> **Problem details**: In your copy, drop the images and return each record exactly as it stands.

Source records
Content starts

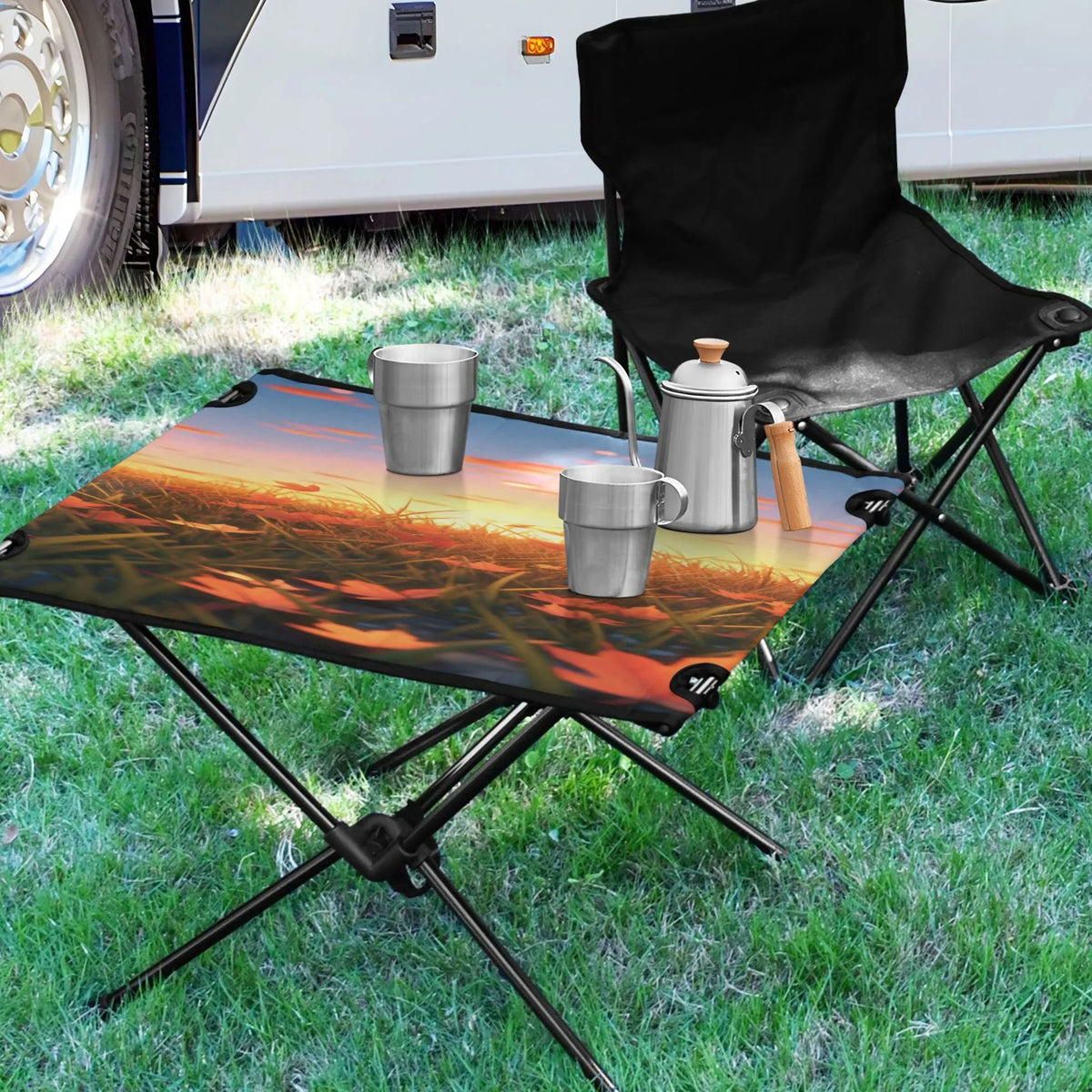 Autumn Leaves in Sunset Camping Folding Table Portable Beach Table with Storage Bag Compact Picnic Table for Outdoor Travel Fishing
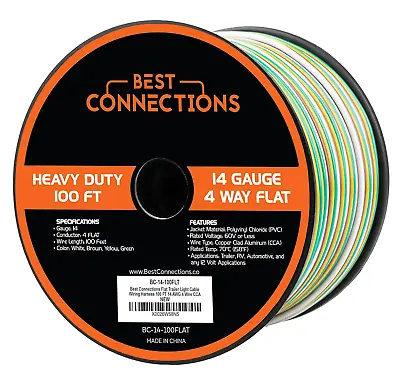 4 Way Bonded Flat Trailer Wire (100 Feet) 14 Gauge 4 Single Conductor Primary Wi • $75.23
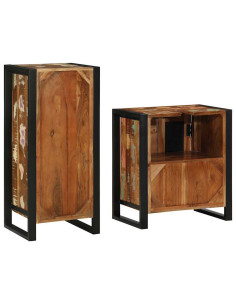 Set di mobili per il bagno con porta legno massello di riciclo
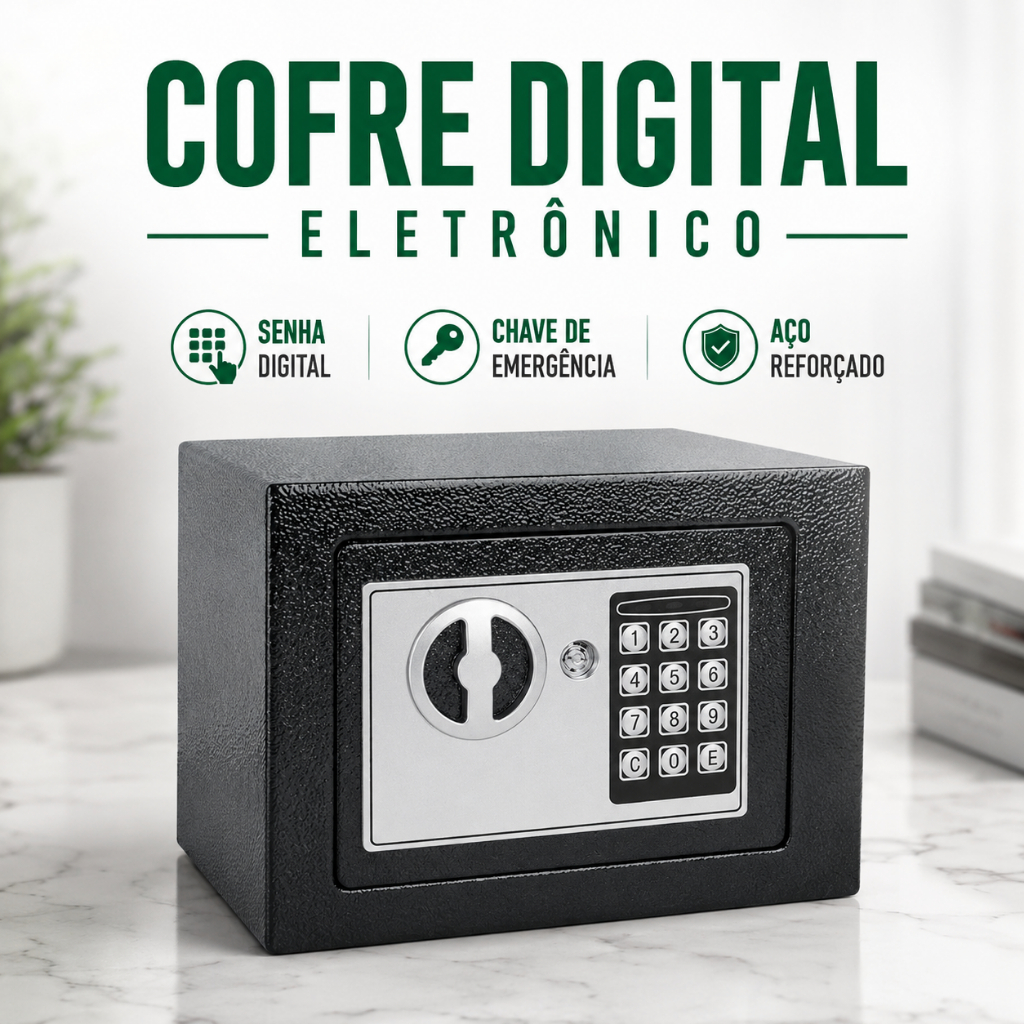 Cofre Eletrônico Digital Teclado Com Senha + 2 Chaves  Cofre Seguro  com Lamina De Aço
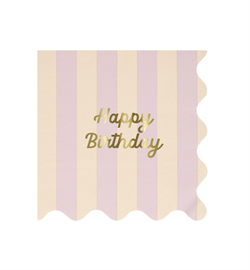 Meri Meri - Stripe Happy Birthday Large Napkins - Çizgili Happy Birthday Peçeteler (L) (X16)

Content ends

> **Answer to the exercise**:
 Autumn Leaves in Sunset Camping Folding Table Portable Beach Table with Storage Bag Compact Picnic Table for Outdoor Travel Fishing
 4 Way Bonded Flat Trailer Wire (100 Feet) 14 Gauge 4 Single Conductor Primary Wi • $75.23
 Set di mobili per il bagno con porta legno massello di riciclo
 Cofre Eletrônico Digital Teclado Com Senha + 2 Chaves  Cofre Seguro  com Lamina De Aço
 Meri Meri - Stripe Happy Birthday Large Napkins - Çizgili Happy Birthday Peçeteler (L) (X16)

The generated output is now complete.